The coeffient doesn't change, only standard error changes.Good for interpretaion.

Skewness is a measure of the symmetry in a distribution. A symmetrical dataset will have a skewness equal to 0. So, a normal distribution will have a skewness of 0. Skewness essentially measures the relative size of the two tails. As a rule of thumb, skewness should be between -1 and 1.

Linear Model Selection

The true model may not be linear, but we can use Linear Model Selection and Regularization to get an idea of what predictors are most significant as we will need to use those predictors for non-linear methods.

Best subset selection and backward selection choose the same best eight predictors.
Forward selection picks seven same predictors with only one predictor MAGE being different. One thing to note that WEEKS and GAINED are two most significant predictors as they were included in the three models throughout the eight-steps. It will be very useful information when trying to perform non-linear methods for the data either by adding interaction terms or adding polynomials.

Ridge and Lasso Regression

Principle Components Regression and Partial Least Squares

Non-linear Model

Logarithmic Transformation

There is some evidence of a slight non-linear relationship in the data especially when we look at the further right and left sides. Most observations are scattered around exp(0.5)=1.6 pounds and exp(2)=7.4 pounds, this situation actually makes sense because for infant birth weight, as very few observations are either lower than 1.6 pounds or higher 7.4 pounds.

Polynomial Regression

Step Function

Cubic Splines

Regression Trees

Bagging and Random Forest

Bagging will use all 24 predictors while Random Forest uses square root of all 24 predictors, that is around 5 predictors. Random Forest is just a special case of Bagging where the method tries to decorrelate the trees.

Boosting

Summary plot

Conclusion

The test MSE doesn’t differ very much among all the methods. However, Boosting is going to be the best choice if we want to predict the infant birth weight as accurate as possible since Boosting yields the lowest test MSE, and Linear Regression will be the best option to interpret the significance of each predictor since the difference between Boosting and Linear Regression is 0.15 pounds.

The results from all models obtained consistently indicate than the completed gestational weeks is the most important predictor regarding the prediction of infant birth weight, holding all other predictors constant, one more gestational week will increase infant birth weight by 0.29 pounds.

The following are some more findings:

– Sex of the baby
The birth weight of the baby is correlated with their sex. Male babies are found to be a little heavier than female babies.

– Age and educational levels of parents
These predictors turn out to be insignificant for the prediction of infant birth weight.

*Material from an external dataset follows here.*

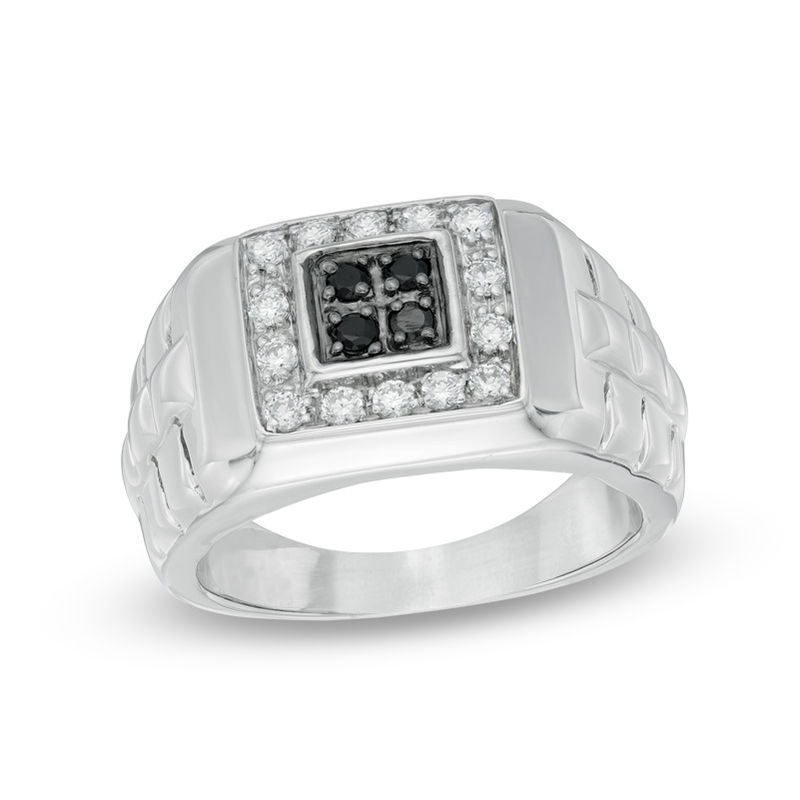 Men's 0.45 CT. T.W. Enhanced Black and White Diamond Ring in 10K White Gold|Peoples Jewellers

– Total pregnancies and past birth information
A mother’s past pregnancy history plays an important role for making a prediction for infant birth weight. For example, a mother who had terminations before, the baby will be lighter. As for a mother who has had children born alive, but are now dead due to various reasons, their newborns will have a lower birth weight.

– Completed weeks of gestation
This turns out to be the dominant predictor as it holds a direct correlation to the weight of the baby.

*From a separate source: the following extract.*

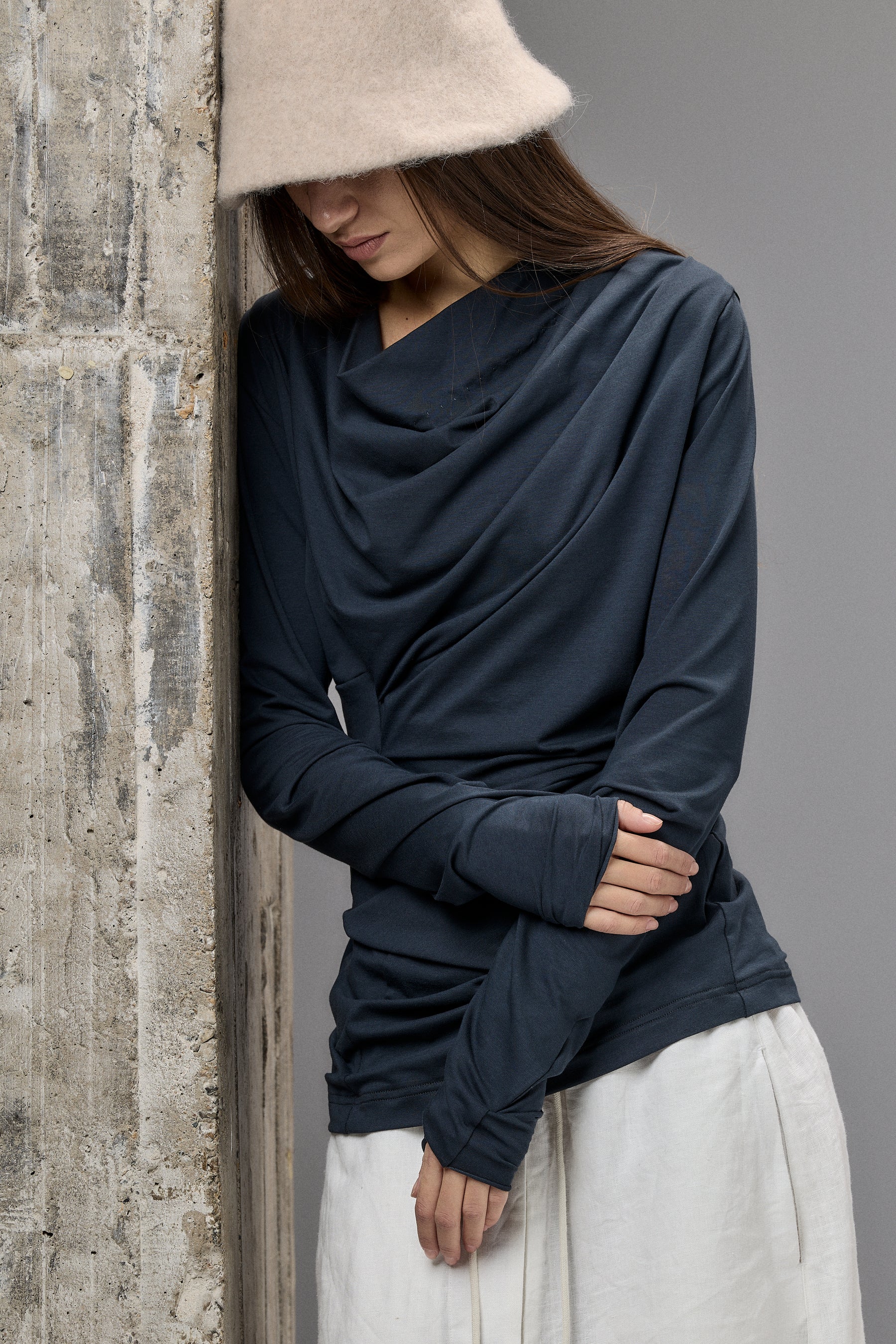 LONG SLEEVE MUTED BLUE DRAPE BLOUSE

– Weight gained during pregnancy
How much weight the mother gained during the pregnancy is strongly related to the weeks of gestation. It turns out to be a significant predictor for predicting infant birth weight.

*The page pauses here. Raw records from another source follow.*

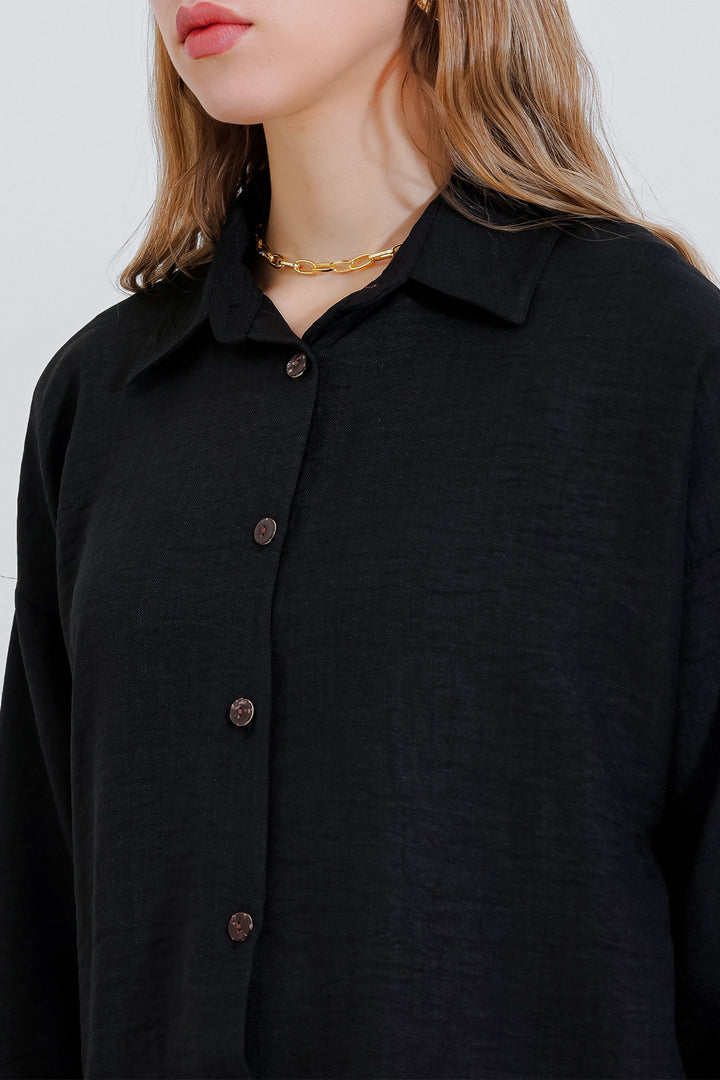 BGD Women Woman Black Oversized Linen Suit 6622 - Avondale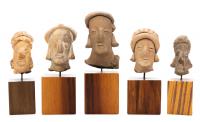 Five (5) Pre-Columbian, Colima Terracotta Heads from Western Mexico, Nicely Presented on Individual Custom Stands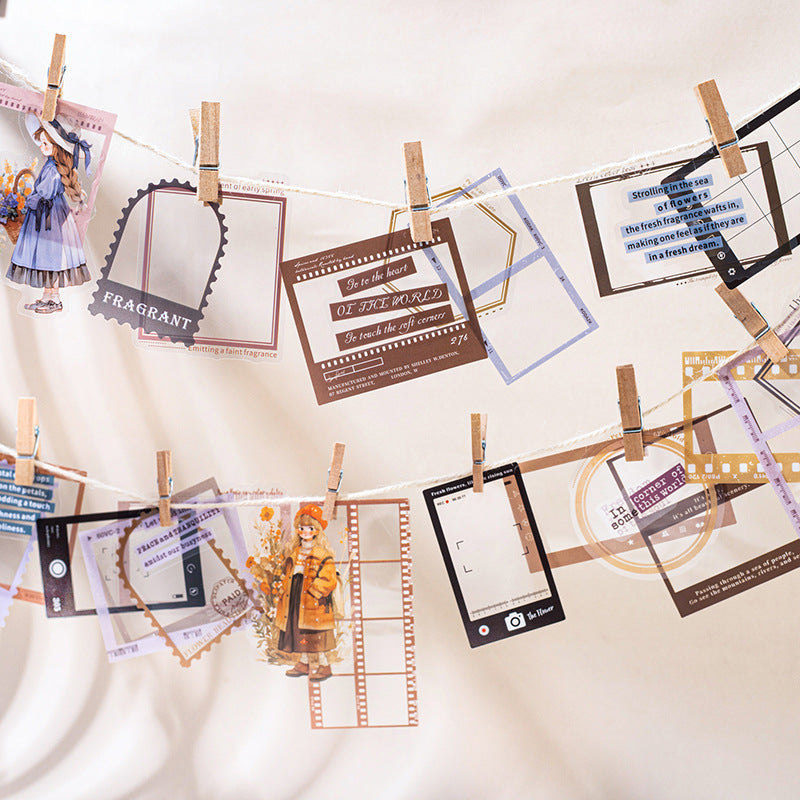 Sticker Bag – Freeze Frame Beautiful Series Retro Character Border, 6 Options - ViktaShop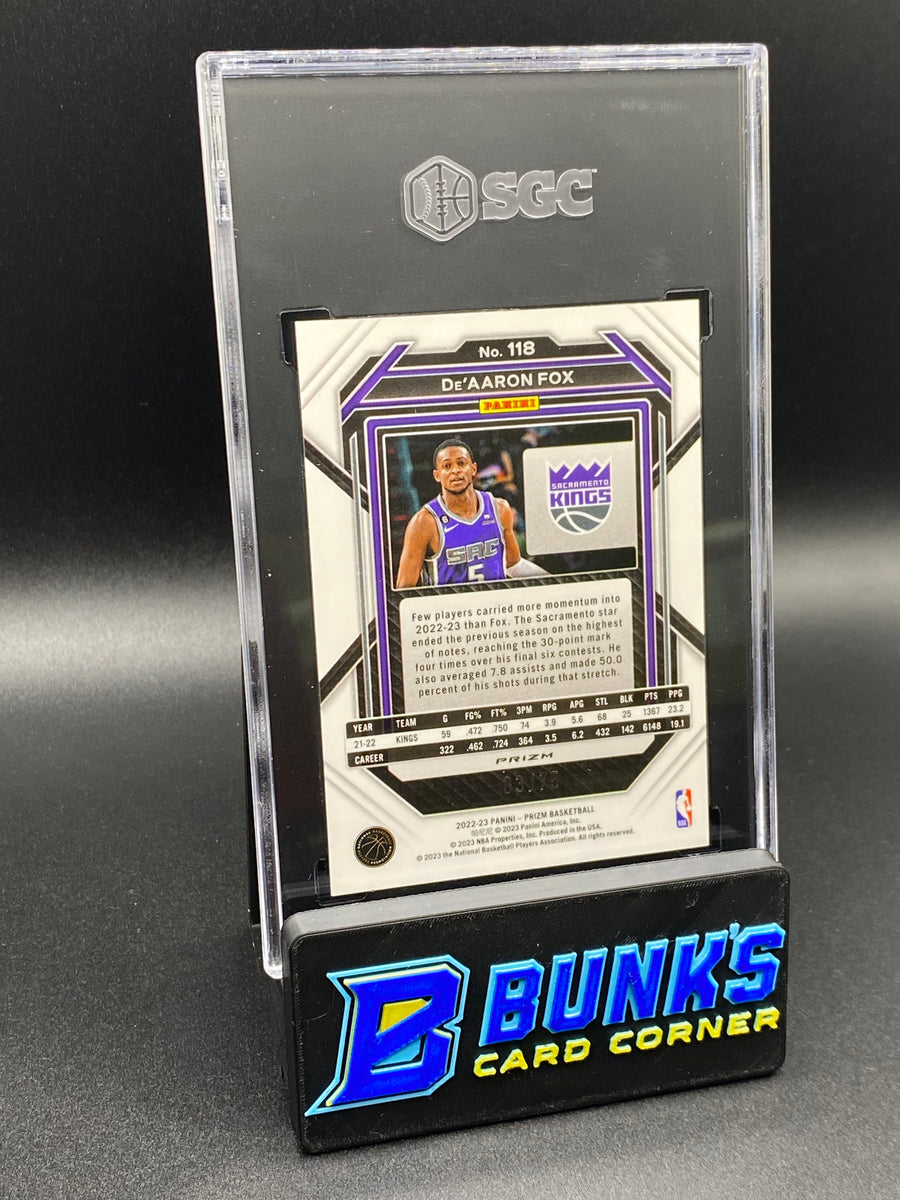 2022-23 De'Aaron Fox Purple Fast Break Prizm SGC 9.5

– Average number of cigarettes and drinks per day (Mother)
It has been indicated that cigarettes tends to affect the infant birth weight in a negative way. However, surprisingly, how many drinks mother consumed per day is insignificant to infant birth weight.

– Medical History
Medical conditions irrespective of the seriousness can have an impact on infant birth weight. For example, a mother with diabetes tends to have a heavier infant. A mother with uterine bleeding, chronic hypertension and an incomplete cervix may have a lighter infant. The infant birth weight difference for mother who has incomplete cervix can be 1 pound.